Porém, ela destaca que os avanços ainda costumam privilegiar formatos que nem sempre reconhecem a arte indígena de uma forma mais ampla. Por isso, Bárbara ressalta a importância do consumo e impulsionamento da arte indígena – não só para que haja mais representatividade, mas também para que se crie um imaginário sobre a existência de outros tipos de produções artísticas.
“As artes indígenas têm um sistema próprio e o mercado da arte, por muito tempo, não esteve interessado nisso”, afirma. “Por isso, esse corpo indígena acaba tendo também esse dever de ser um formador, mesmo”, pontua.
Pensando nesse papel do artista-educador, como parte da campanha de lançamento, Bárbara Kariri irá ministrar uma oficina de artes para adolescentes e exemplares de Poesia da Terra serão doados para aldeias de São Paulo. Ainda neste ano, a artista deve lançar o livro também no Ceará. Por enquanto, três eventos com a autora estão previstos, ainda sem data certa: um na Aldeia Marrecas, um no Crato e um em Fortaleza.
As oportunidades de apresentar seu livro de estreia ao Ceará trazem alegria a certa ansiedade, confessa Bárbara, que conta estar animada para saber o que os leitores irão achar das poesias. Isso porque, para ela, o livro nasce com uma importante missão, que vai além da boa literatura: contribuir para o fortalecimento da cultura dos indígenas Kariri.

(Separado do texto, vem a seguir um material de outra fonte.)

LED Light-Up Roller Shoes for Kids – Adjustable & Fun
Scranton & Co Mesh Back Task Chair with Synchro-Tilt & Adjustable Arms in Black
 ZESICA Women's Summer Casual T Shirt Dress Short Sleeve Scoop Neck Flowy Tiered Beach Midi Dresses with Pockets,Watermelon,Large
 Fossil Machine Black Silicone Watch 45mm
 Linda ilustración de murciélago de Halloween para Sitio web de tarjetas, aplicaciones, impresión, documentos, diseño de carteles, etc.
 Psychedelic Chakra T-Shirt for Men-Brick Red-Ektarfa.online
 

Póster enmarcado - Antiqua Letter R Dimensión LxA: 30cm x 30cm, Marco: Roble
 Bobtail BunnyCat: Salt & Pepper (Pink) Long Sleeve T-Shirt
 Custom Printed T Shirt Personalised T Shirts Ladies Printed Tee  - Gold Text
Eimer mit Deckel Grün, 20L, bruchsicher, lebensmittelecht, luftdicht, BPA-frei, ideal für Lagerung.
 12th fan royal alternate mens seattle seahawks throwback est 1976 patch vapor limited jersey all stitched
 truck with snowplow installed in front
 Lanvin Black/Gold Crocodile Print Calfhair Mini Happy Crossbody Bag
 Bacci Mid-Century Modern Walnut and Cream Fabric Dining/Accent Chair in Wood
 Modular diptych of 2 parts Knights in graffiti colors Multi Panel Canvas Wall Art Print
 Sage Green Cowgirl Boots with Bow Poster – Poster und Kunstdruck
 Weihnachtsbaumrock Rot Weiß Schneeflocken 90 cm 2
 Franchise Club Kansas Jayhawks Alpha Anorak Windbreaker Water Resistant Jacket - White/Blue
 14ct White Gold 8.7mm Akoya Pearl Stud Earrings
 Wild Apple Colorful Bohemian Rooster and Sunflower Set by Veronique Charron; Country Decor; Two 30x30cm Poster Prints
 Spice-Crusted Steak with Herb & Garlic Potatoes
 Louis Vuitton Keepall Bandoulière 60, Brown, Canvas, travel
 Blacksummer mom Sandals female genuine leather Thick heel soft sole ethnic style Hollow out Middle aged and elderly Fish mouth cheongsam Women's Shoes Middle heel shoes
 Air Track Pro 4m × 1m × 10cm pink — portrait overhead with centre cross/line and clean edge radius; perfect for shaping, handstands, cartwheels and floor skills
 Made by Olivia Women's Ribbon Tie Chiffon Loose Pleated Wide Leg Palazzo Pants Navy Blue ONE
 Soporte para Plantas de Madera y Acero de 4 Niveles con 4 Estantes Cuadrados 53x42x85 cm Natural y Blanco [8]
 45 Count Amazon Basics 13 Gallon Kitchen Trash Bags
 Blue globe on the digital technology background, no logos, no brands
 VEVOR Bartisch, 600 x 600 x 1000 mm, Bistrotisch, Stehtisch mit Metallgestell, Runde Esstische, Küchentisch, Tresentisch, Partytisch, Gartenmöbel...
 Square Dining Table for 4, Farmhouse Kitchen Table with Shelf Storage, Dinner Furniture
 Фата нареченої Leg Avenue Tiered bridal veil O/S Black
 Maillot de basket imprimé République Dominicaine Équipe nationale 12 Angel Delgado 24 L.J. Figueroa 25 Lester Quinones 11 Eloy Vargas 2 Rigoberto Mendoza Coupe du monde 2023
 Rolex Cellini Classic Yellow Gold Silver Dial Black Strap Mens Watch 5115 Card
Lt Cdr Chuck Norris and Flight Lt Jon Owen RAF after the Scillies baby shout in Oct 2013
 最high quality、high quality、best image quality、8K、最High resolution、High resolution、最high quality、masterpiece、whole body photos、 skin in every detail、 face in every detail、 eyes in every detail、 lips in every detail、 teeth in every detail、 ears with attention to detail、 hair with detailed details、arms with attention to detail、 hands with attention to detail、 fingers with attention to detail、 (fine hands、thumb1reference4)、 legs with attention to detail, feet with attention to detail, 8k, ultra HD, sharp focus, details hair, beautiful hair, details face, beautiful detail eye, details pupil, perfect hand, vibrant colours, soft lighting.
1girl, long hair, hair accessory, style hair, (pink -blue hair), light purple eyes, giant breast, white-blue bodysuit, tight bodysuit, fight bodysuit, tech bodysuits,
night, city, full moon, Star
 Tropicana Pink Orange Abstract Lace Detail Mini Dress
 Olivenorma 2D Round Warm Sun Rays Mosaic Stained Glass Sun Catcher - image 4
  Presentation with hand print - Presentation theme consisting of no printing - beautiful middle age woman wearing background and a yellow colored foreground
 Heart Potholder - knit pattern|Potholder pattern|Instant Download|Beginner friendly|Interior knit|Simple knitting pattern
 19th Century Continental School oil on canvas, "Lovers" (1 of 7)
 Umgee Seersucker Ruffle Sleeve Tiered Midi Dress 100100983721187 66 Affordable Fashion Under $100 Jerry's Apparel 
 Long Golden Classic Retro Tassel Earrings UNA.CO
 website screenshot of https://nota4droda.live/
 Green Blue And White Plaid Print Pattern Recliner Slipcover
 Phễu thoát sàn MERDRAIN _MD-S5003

“Gostaria que muitas pessoas também se sentissem lançando esse livro comigo. Que muitas pessoas possam se identificar também e se ver naquelas palavras e naquelas imagens”, convida.
Serviço
Acompanhe a artista nas redes sociais: @barbaramatiask e @coletivaflechalancadaarte
Para adquirir o livro, acesse o site da editora Feminas (disponível a partir do dia 21 de setembro)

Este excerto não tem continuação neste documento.